El problema de la política exterior de México es que está en manos de un solo hombre: Andrés Manuel López Obrador. El mismo que ha designado a Pedro Salmerón, primero, y a Jesusa Rodríguez después, como embajadora en Panamá; a Quirino Ordaz Coppel como representante del gobierno mexicano en España; a Isabel Arvide y a Claudia Pavlovich como cónsules en Estambul y en Barcelona, respectivamente, desdeñando a funcionarios del Servicio Exterior que tienen carrera y experiencia.

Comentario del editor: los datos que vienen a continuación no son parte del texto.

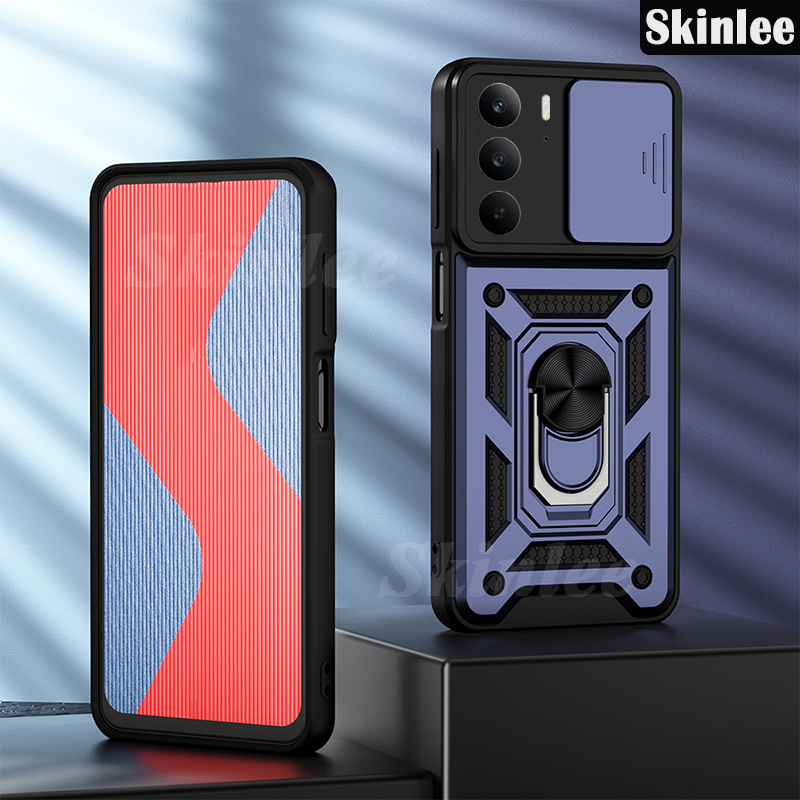 Phone%20case%20For%20Realme%20C75X%20Back%20cover%20Hard%20Armor%20Shockproof%20Camera%20Protection%20Bracket%20Navigation%20Holder%20Ring%20cover%20for%20For%20Realme%20C75%20Cover%20cases%20-%20Image%203
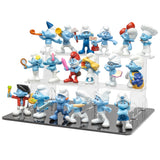 3-Tier Acrylic Display Stand for Collectibles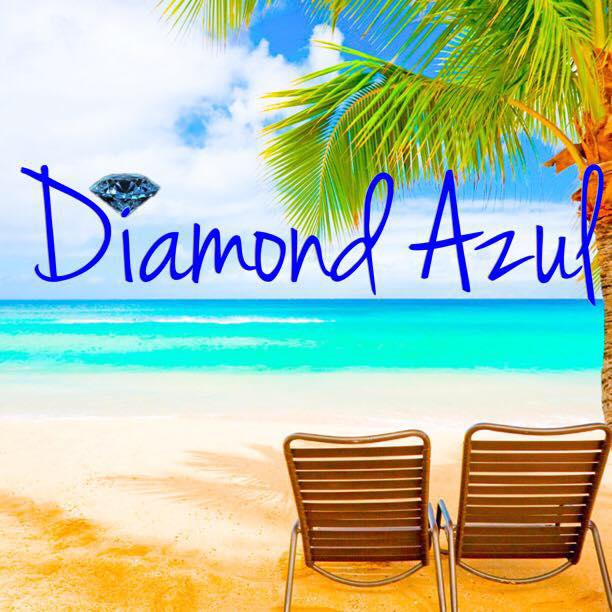 Diamond Azul Travel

Es el mandatario quien decide poner en pausa las relaciones con España o quien se le va con todo al gobierno austriaco, al que califica de arrogante y prepotente por no querer prestar el penacho de Moctezuma. Es a quien gobiernos de todo el mundo le han mandado cartas expresando su preocupación por las reformas emprendidas en el país y que, a pesar de todo ello, piensa que ha hecho tan buen trabajo que ha logrado aumentar la reputación de México en el mundo.

Es quien utiliza el artículo 89 constitucional de no intervención y respeto a la autodeterminación de los pueblos a contentillo y conveniencia. Así, un día voltea para otro lado cuando existen grotescas e indiscutibles violaciones de derechos humanos en países como Venezuela, Cuba o Nicaragua, donde, además sus gobiernos son francas dictaduras, y al otro le da asilo político a Evo Morales por razones humanitarias cuando renunció como presidente de Bolivia tras conflictos internos.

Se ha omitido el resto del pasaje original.